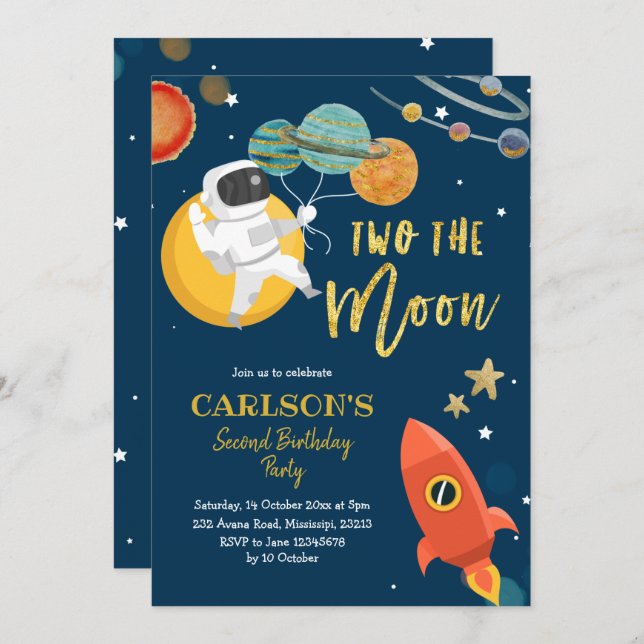 Planeta Espaço Solar Dois do Convite à Lua (Frente/Verso)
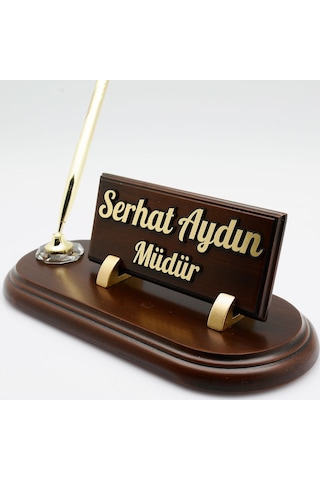 Tek Kalemli Ahşap Kabartma Masa İsimliği Ahşap Masa İsimlik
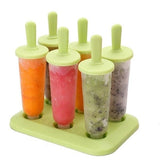 Moule a Glace Silicone - 6 Sucettes - Vert / Grand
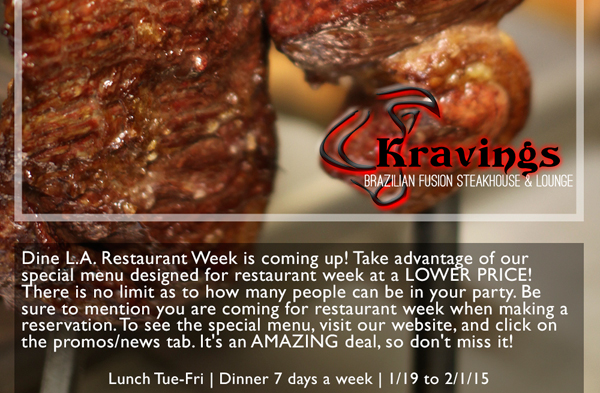 Brazilian Fusion Steakhouse & Lounge
							18663 Ventura Blvd. Tarzana, CA 91356, (818) 881-7111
***
**EXERCISE**
Restate the entries above word for word, minus the pictures.

**COMPLETED EXERCISE**
 Planeta Espaço Solar Dois do Convite à Lua (Frente/Verso)
 Tek Kalemli Ahşap Kabartma Masa İsimliği Ahşap Masa İsimlik
 Moule a Glace Silicone - 6 Sucettes - Vert / Grand
 Brazilian Fusion Steakhouse & Lounge
							18663 Ventura Blvd. Tarzana, CA 91356, (818) 881-7111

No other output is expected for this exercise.